--- Supplied records ---

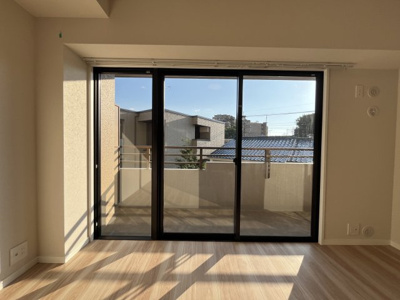 【その他】 | アーサー大橋エクシオ2 | 大きな窓なので、部屋の奥まで光が届いて明るく、日中の電気代を節約できて開放感も◎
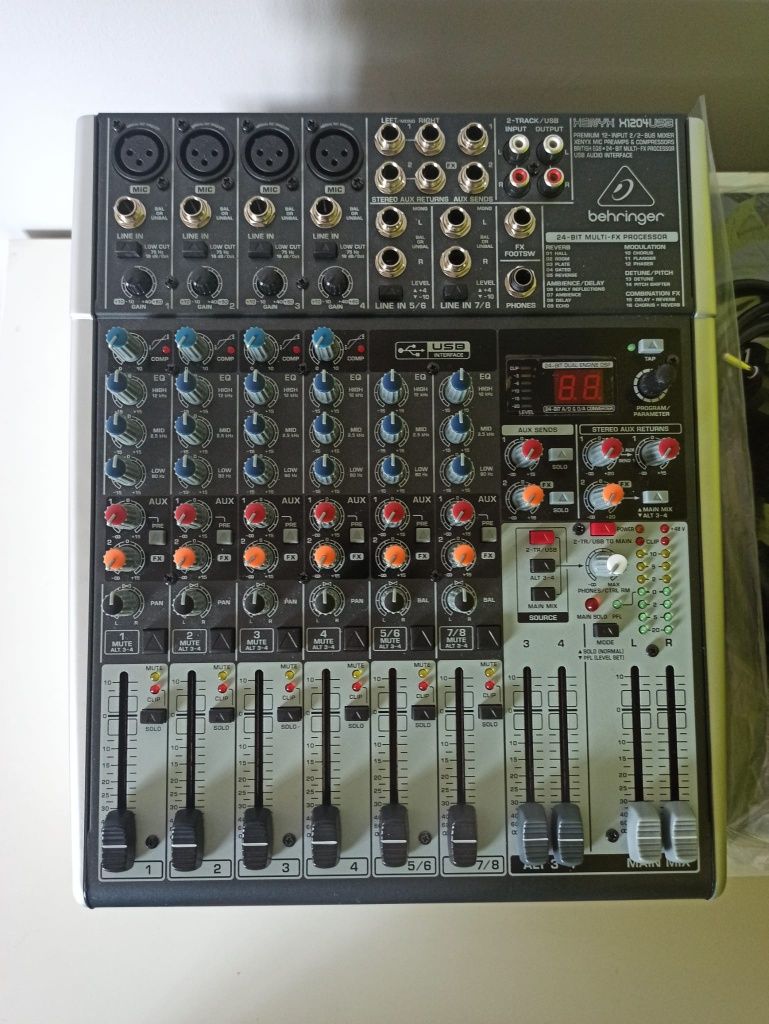 Mikser Behringer Xenyx X1204USB analogowy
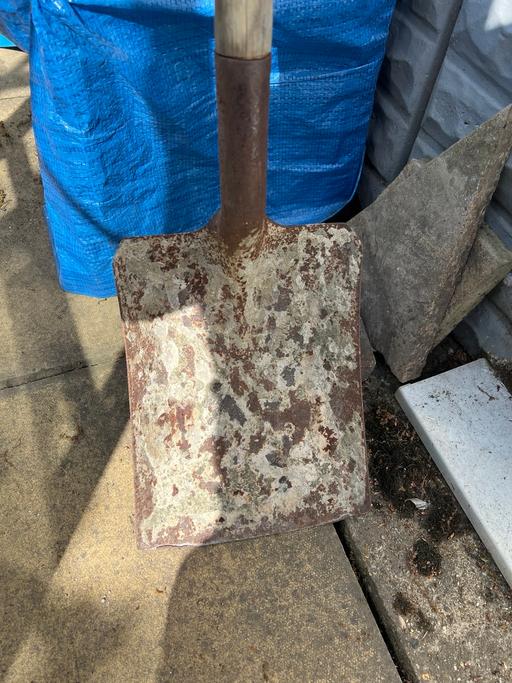 Buy & Sell Bexley Sidcup - Bexley - Photos for GARDEN SHOVEL.. GOOD & SOLID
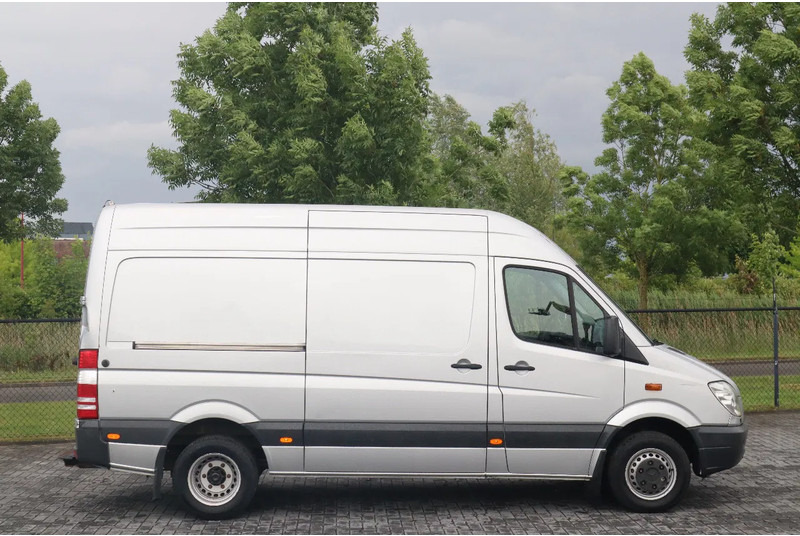 Mercedes-Benz Sprinter 516 | 4X2 | MOBILE WORKSHOP | WERKSTATT | SERVICE VAN - Товарен бус: снимка 4 Mercedes-Benz Sprinter 516 | 4X2 | MOBILE WORKSHOP | WERKSTATT | SERVICE VAN - Товарен бус: снимка 4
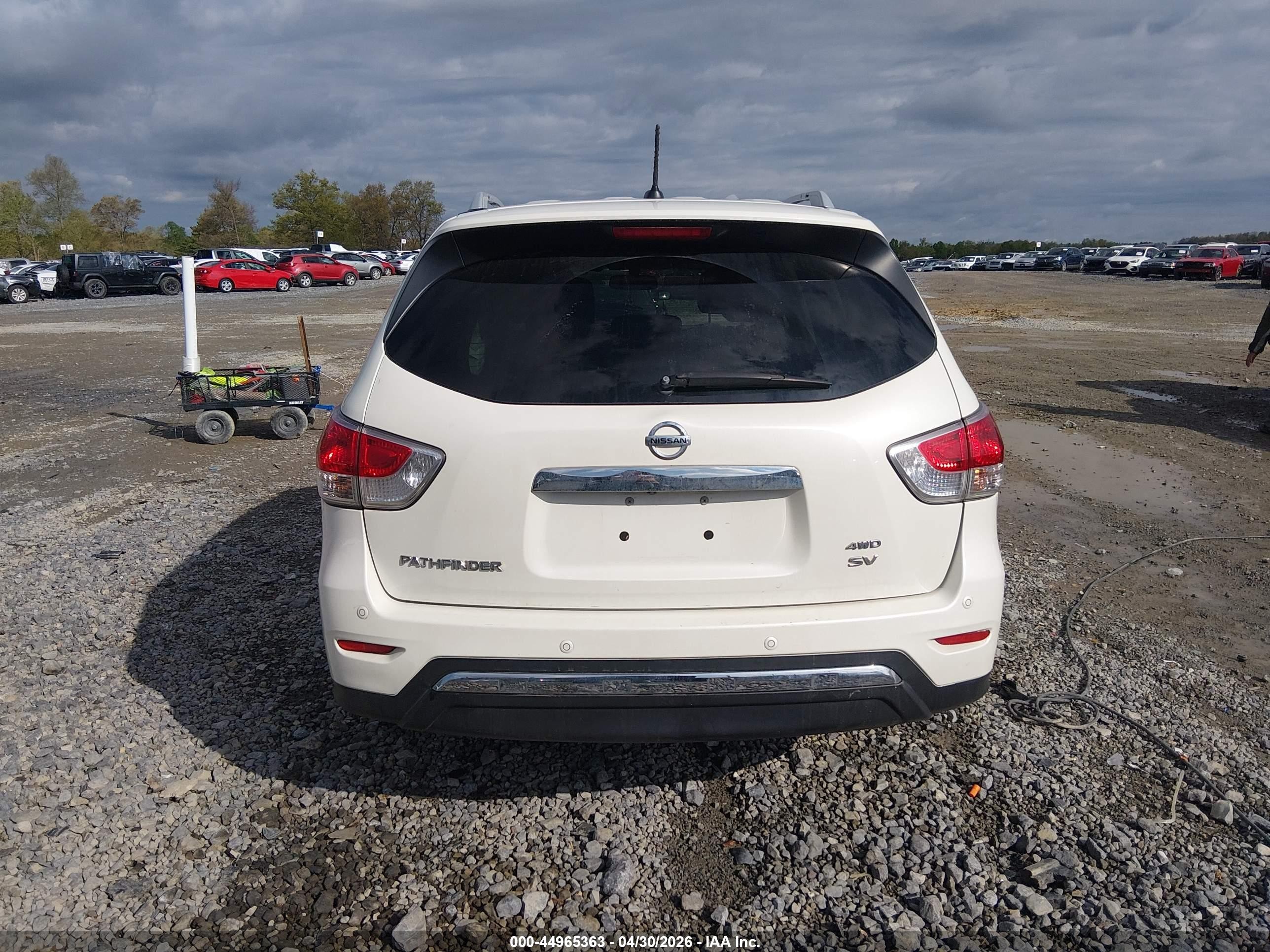 2015 Nissan Pathfinder Sv White vin: 5N1AR2MN2FC609492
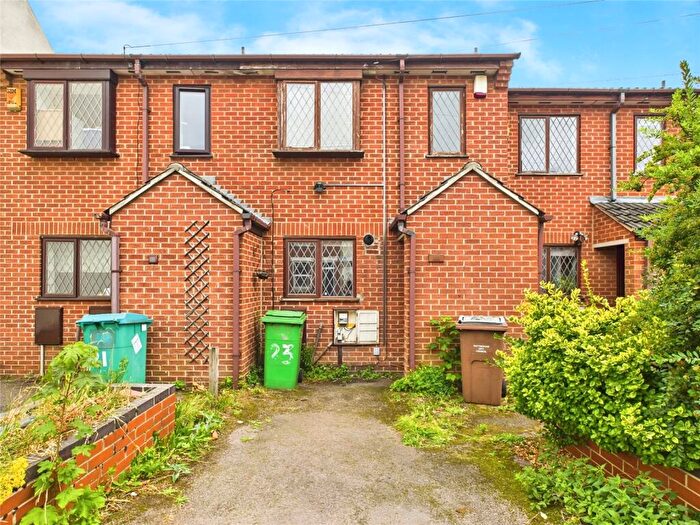2 Bedroom Terraced House For Sale In City Road, Nottingham, Nottinghamshire, NG7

---

■ **Assignment**:
All of the entries need to be copied exactly, minus any pictures.

■ **Task result**:
 【その他】 | アーサー大橋エクシオ2 | 大きな窓なので、部屋の奥まで光が届いて明るく、日中の電気代を節約できて開放感も◎
 Mikser Behringer Xenyx X1204USB analogowy
 Buy & Sell Bexley Sidcup - Bexley - Photos for GARDEN SHOVEL.. GOOD & SOLID
 Mercedes-Benz Sprinter 516 | 4X2 | MOBILE WORKSHOP | WERKSTATT | SERVICE VAN - Товарен бус: снимка 4 Mercedes-Benz Sprinter 516 | 4X2 | MOBILE WORKSHOP | WERKSTATT | SERVICE VAN - Товарен бус: снимка 4
 2015 Nissan Pathfinder Sv White vin: 5N1AR2MN2FC609492
2 Bedroom Terraced House For Sale In City Road, Nottingham, Nottinghamshire, NG7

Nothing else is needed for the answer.